À l'été 2016, j'ai quitté une petite ville de la Colombie-Britannique pour m'installer à Toronto en médecine interne. De manière réaliste, cela aurait dû être une période heureuse – enfin, atteindre la résidence et entrer dans un programme de premier plan, vivre dans une nouvelle ville excitante, une relation heureuse, un chiot – mais la situation est rapidement devenue très sombre. Après environ deux mois de résidence, j'ai pris une année sabbatique au travail, ce qui était si difficile parce que j'avais perdu le but principal de ma vie pour lequel j'avais travaillé si longtemps.

Je n'ai parlé à personne à propos de ma dépression parce que je pensais être faible et que j'étais embarrassé. J'ai arrêté de parler à mes amis et j'ai exclu les gens de ma vie sans leur dire ce qui se passait. Je n'ai jamais été gêné de le dire à ma famille. Je n’ai jamais pensé qu’ils ne me soutiendraient pas. Mais ils sont Indiens, et culturellement, ils ne «comprennent pas la dépression» de la sorte, alors je les leur ai cachés, je me suis même habillé pour le travail et j'ai quitté la maison pour le jour où ils étaient en ville. visiter, essayer de garder une façade que je faisais bien.

Le jour le plus effrayant pour moi a été un jour où je me sentais tellement vide et pensais à tout ce que je pouvais faire pour me sentir mieux. Je ne pouvais penser à rien et c’était le jour qui me faisait le plus peur. C’est quand j’ai su que quelque chose devait changer, ou que je dû changer. Je savais que je ne pouvais pas le faire moi-même et j’ai donc commencé à demander de l’aide.

Puis un jour, le commutateur a basculé. Je ne sais pas comment, mais le vide s’est éteint et je me souviens très bien quand il est parti et c’était comme si je pouvais me sentir à nouveau.

Une des raisons pour laquelle je veux en parler est que j'avais la situation idéale pour une personne déprimée et que j'avais tous les outils pour m'aider à en sortir – un partenaire de soutien et une famille (y compris mon petit chien), un travail qui me permettait de prendre un congé de maladie payé, un psychiatre, un psychologue gratuit nommé par mon travail. Je ne peux qu’imaginer ce que cela représente pour les gens qui n’ont pas accès à ces choses et à cause de la stigmatisation qui y est toujours attachée. Que se passe-t-il si cela arrive à quelqu'un à l'université et qu'il doit abandonner? Ou à quelqu'un qui ne peut pas s'absenter du travail et ensuite perdre son emploi? Leur partenaire ou leur famille? Peut-être qu’ils ne veulent en parler à personne et qu’ils en souffrent d'autant plus.

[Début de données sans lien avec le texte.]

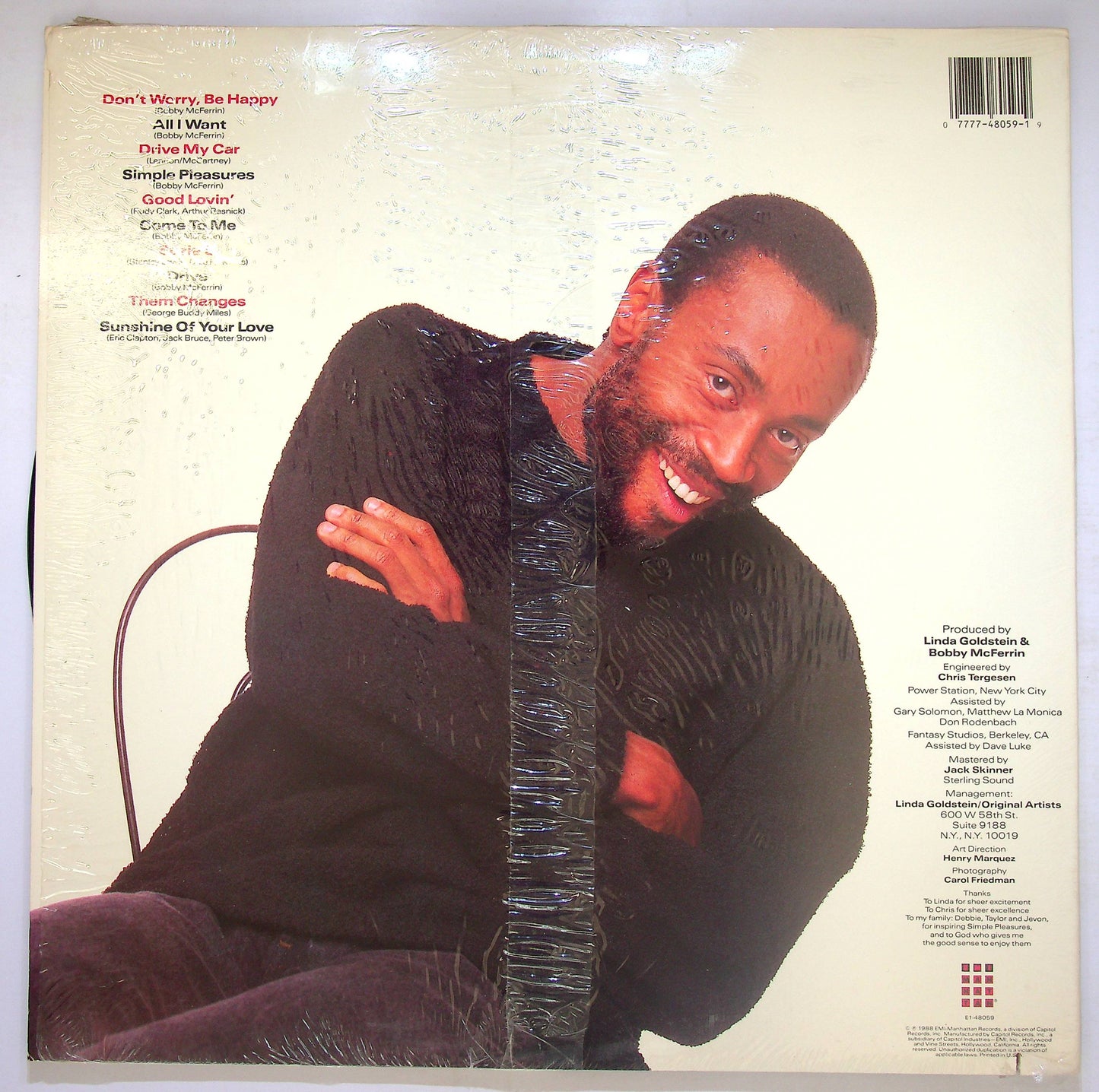 EBOND Bobby McFerrin - Simple Pleasures Vinile V079127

Je veux encourager plus de gens à parler de ce qu’ils ressentent ou ne ressentent pas. Il ne devrait pas y avoir de stigmatisation autour de la dépression. Faire face à ce fut la pire année de ma vie, et il y a bien sûr des aspects et des répercussions qui me touchent encore, mais ça va. Parlons-en pour que nous puissions éliminer cette stigmatisationet pour que toute personne qui traverse une période difficile avec sa santé mentale n’a pas à se sentir seule.